Zuerst vielleicht einmal eine kurze Antwort auf die Frage: Warum sich überhaupt mit dem trockenen Stoff grafischer Techniken beschäftigen? Erstens, weil einem dann kein „Giclée“-Händler signierte Tintenstrahl-Reproduktionen zu Orig.-Grafik-Preisen andrehen kann. Und zweitens kann man das Preis-Leistungs-Verhältnis von Grafiken besser einschätzen, wenn man den Aufwand ihrer Entstehung kennt. Man muss sich das ja jetzt auch gar nicht genau einprägen, aber vielleicht aufheben für den Moment, wo der Kauf einer Grafik in dieser Technik ansteht.

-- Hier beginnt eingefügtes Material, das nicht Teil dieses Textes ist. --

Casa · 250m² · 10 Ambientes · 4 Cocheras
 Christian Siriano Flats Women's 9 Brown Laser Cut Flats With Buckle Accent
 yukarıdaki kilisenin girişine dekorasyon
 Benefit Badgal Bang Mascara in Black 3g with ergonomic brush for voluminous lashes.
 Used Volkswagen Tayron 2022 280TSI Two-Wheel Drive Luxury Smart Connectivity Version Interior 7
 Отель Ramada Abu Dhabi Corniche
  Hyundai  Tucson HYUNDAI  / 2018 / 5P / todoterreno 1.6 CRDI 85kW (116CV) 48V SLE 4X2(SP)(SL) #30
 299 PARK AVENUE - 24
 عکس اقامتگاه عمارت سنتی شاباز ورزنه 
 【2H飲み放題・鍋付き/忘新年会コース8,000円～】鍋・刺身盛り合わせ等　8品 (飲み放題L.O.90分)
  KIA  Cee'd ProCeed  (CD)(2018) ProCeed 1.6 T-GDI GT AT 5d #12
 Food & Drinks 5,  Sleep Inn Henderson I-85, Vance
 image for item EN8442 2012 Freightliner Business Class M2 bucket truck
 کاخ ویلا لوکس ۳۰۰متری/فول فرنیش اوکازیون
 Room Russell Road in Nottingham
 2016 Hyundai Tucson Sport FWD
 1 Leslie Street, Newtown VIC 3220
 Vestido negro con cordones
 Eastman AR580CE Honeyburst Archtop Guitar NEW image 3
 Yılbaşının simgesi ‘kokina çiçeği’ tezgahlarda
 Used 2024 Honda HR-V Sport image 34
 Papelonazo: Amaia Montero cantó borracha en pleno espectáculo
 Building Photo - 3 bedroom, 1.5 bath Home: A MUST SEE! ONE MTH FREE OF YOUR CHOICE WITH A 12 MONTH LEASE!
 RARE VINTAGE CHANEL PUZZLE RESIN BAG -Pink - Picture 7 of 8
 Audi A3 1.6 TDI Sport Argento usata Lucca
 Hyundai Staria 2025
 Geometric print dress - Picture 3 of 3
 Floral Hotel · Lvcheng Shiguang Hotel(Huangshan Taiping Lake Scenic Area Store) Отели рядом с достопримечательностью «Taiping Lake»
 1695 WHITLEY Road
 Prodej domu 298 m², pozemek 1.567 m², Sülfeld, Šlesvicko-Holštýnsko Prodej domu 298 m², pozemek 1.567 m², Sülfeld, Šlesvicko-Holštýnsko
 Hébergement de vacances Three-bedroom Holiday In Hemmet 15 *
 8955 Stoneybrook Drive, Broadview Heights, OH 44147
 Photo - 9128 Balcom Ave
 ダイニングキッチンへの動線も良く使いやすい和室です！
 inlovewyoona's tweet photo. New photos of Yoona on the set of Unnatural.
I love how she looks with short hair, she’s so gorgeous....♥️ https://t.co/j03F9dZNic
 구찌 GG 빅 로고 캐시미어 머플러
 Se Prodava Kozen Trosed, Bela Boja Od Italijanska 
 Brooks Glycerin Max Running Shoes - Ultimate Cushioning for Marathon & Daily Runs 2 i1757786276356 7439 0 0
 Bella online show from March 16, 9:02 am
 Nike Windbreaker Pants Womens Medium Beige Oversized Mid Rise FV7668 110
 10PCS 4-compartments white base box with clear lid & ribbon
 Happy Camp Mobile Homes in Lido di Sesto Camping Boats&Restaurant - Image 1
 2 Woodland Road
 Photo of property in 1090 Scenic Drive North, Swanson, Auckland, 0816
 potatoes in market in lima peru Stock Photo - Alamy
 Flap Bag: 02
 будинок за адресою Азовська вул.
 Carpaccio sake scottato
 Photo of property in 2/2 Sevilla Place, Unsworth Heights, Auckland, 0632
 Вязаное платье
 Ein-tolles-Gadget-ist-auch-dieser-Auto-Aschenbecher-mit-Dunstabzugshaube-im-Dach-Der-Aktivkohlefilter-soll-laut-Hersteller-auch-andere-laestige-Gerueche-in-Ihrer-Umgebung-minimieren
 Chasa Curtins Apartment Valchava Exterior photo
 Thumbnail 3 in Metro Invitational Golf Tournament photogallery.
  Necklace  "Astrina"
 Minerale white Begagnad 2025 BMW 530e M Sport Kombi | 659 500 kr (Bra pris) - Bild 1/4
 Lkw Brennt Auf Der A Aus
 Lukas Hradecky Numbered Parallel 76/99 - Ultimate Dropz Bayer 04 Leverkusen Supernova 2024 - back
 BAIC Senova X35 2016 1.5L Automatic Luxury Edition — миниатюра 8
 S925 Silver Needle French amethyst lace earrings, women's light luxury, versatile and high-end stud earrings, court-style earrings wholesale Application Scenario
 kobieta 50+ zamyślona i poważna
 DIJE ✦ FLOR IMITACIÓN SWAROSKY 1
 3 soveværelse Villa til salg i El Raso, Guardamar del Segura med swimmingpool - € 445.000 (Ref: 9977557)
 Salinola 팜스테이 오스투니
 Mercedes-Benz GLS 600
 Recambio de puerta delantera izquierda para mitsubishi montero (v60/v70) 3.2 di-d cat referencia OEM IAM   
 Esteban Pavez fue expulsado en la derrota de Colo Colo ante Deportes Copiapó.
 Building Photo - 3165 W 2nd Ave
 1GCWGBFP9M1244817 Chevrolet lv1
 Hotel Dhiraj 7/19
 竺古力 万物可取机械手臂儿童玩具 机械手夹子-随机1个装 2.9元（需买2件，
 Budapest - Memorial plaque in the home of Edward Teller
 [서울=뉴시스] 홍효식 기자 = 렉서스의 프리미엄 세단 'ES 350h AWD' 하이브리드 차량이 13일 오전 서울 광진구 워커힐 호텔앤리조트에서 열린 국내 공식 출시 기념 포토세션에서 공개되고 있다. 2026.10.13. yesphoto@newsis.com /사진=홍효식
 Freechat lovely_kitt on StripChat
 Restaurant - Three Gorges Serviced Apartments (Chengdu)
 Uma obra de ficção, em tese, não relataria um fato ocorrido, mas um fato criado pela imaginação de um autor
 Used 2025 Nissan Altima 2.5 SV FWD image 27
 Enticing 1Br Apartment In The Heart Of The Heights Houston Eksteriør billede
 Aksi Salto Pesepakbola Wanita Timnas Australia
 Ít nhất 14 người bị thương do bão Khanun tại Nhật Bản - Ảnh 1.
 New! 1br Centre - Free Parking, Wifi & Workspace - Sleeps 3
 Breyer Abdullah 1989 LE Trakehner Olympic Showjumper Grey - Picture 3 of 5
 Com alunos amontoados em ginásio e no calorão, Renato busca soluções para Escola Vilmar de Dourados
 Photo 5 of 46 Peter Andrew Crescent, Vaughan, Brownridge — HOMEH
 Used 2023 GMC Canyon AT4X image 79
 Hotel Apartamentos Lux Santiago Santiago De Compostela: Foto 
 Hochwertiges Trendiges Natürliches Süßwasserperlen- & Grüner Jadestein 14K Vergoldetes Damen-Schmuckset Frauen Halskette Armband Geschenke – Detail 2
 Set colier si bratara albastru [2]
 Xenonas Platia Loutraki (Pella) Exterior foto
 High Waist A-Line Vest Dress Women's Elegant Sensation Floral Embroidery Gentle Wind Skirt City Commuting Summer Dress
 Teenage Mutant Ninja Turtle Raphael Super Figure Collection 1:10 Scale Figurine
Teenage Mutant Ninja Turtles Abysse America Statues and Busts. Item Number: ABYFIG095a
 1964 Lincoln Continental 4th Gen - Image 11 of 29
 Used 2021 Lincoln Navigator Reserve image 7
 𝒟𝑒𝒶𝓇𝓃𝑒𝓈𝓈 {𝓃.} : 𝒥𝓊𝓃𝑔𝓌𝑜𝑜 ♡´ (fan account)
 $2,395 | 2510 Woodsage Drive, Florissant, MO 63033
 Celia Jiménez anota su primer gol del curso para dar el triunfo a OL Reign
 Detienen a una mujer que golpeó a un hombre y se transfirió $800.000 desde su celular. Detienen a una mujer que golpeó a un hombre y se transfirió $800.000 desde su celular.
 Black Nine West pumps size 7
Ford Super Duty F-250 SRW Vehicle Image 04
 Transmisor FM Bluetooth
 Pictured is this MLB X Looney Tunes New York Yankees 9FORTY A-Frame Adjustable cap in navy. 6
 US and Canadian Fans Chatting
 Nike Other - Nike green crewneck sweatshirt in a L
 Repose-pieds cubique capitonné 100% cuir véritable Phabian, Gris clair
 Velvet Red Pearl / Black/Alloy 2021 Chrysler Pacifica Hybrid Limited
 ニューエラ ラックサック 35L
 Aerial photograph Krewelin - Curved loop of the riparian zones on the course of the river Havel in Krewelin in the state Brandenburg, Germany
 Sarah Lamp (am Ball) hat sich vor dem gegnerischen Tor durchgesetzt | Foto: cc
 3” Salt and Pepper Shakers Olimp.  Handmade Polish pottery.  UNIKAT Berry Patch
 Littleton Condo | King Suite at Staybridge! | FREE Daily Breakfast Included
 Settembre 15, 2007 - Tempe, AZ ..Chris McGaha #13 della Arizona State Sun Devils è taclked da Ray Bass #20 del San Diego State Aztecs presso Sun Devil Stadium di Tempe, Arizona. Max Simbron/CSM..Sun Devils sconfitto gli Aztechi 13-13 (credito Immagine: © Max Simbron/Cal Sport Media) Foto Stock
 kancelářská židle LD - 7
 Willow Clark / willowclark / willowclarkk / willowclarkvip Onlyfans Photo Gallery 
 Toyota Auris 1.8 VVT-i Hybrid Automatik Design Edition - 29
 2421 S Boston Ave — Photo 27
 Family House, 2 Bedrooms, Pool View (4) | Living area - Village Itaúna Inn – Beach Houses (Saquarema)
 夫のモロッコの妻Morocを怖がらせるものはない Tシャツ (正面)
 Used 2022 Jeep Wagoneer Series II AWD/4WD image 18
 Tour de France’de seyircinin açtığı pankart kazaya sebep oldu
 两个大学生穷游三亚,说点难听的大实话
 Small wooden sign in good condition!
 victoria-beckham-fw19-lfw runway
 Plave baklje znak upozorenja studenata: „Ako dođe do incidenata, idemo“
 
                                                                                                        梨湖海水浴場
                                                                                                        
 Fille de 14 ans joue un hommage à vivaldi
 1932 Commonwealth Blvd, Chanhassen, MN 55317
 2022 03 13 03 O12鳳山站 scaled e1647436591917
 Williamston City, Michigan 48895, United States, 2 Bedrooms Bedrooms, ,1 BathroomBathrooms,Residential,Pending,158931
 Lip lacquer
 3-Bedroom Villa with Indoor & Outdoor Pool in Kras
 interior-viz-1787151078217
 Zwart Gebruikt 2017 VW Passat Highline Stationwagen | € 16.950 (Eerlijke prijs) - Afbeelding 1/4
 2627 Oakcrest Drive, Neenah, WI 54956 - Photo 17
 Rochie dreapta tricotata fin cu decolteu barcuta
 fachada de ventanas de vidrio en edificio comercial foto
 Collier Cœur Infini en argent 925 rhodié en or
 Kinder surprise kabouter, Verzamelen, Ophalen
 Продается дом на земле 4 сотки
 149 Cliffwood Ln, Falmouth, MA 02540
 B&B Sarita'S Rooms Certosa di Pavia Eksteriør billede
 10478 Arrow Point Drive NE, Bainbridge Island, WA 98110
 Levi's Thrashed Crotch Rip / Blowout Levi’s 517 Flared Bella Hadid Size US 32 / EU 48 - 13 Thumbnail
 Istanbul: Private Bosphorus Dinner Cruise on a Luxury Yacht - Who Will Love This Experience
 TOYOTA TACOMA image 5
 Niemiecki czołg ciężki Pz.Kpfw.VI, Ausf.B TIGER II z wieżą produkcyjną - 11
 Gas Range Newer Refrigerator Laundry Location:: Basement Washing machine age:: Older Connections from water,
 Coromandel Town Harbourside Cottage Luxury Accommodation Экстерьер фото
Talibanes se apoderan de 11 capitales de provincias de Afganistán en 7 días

Das Flachdruckverfahren beruht eher auf chemischer denn auf physikalischer Basis: Holzschnitt (Hochdruck) nutzt zum Druck alles, was nicht aus der Platte geschnitten wurde und also noch hoch steht, Radierung (Tiefdruck) nutzt die in die Kupferplatte geritzten oder geätzten Vertiefungen, um dort Farbe reinzuwischen, die dann feuchtes Büttenpapier unter Druck heraussaugt. Beides also Druckverfahren mit Höhen und Tiefen = Physik.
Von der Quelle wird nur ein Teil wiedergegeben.